El Gordo, “The Fat one,” is Spain’s famous Christmas lottery. It has the highest payout of any lottery in the world, and has been running every year since 1812, making it the world’s second oldest lottery.
It’s a Spanish institution and if you’re on the island, you should take part. Around 75% of the Spanish population buys a ticket. Here’s how it all works:
How much are tickets?
A whole ticket is €200, but most people buy decimos, which are a tenth of a ticket, at €20 each. Many people get together in work or family groups to buy a single ticket.
Where do I buy them?
At all official lottery shops on the island, and also online here: Christmas Lottery.

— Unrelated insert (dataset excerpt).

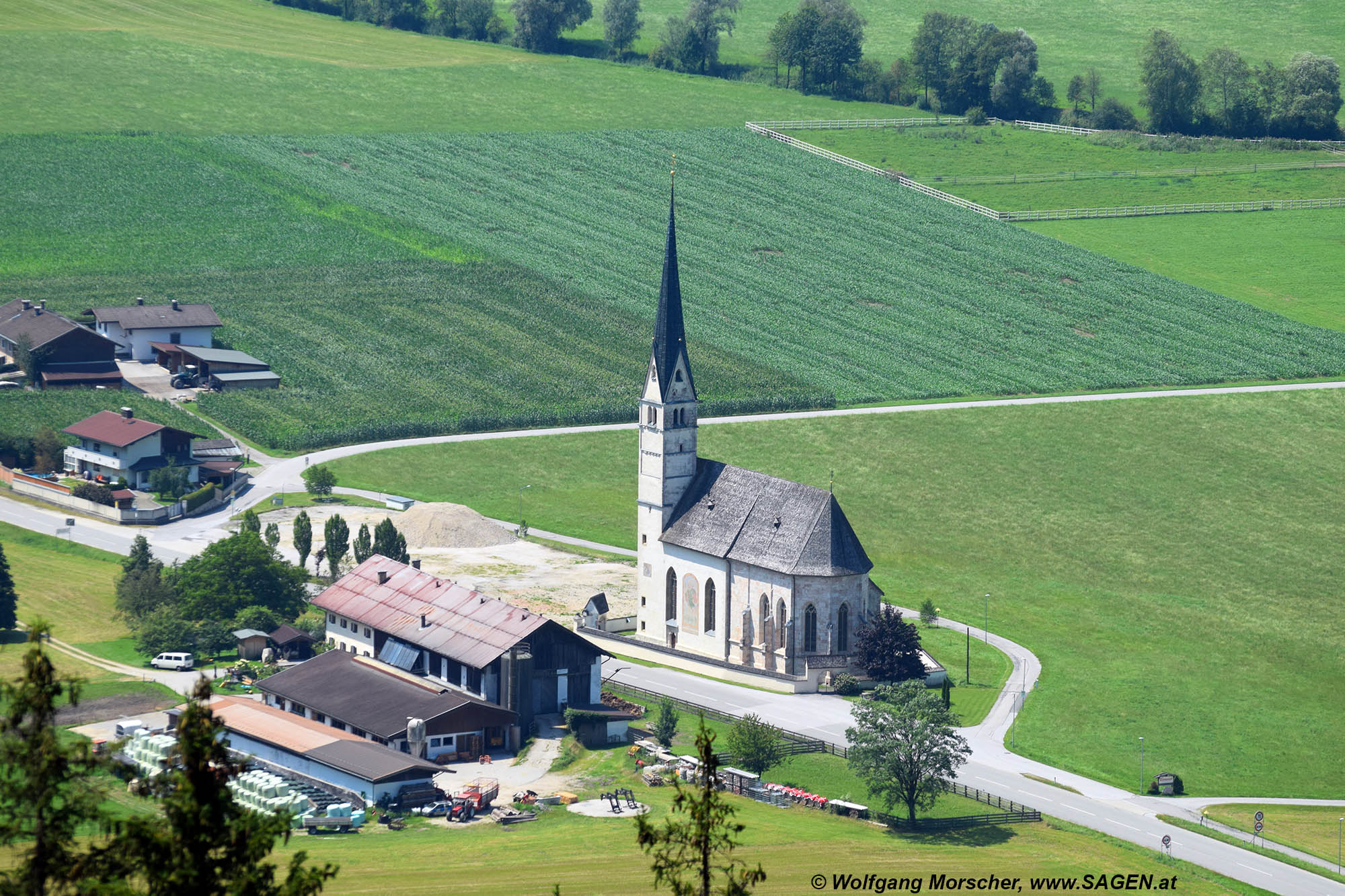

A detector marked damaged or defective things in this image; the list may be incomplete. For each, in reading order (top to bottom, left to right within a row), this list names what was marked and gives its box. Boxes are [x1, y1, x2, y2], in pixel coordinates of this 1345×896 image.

barn with rusty red roof [312, 554, 608, 737]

You don’t pick numbers – they’re all issued already, so you choose a number, from those available that you like the look of.
How much can I win?
The overall payout is massive, but it’s spread much more evenly than most lotteries, and you stand a 10% chance of getting your money back. There’s €4 million for the first prize, and €400,000 each for anyone with a tenth of that ticket. But there are a massive amount of permutations. For example, there are nearly 1800 prizes of €1000, and nearly 9000 of €200.
When is the draw?
On the 22nd December, and it’s an all day job with so many prizes! The draw takes place at the Royal Theatre in Madrid and the winning numbers for the larger prizes are sung by pupils from the San Idelfonso school, formerly for orphans, and traditionally, winners donate some of the prize to the school.
The entire draw is televised live, and played on state radio, and whenever a large prize is announced, you’ll find everyone stops what they are doing, to listen in.
Because of the way lottery outlets sell only a few full numbers, multiple winners tend to come from the same area. For example, in 2005, the town of Vic in Catalonia, with around 37,000 inhabitants, shared about €500 million, or €300,000 per winning decimo.
Those attending the live event in Madrid dress up in outrageous outfits, creating an amazing party atmosphere.
Those who get their money back traditionally reinvest it in El Niño, which is the draw that takes place on January 6th.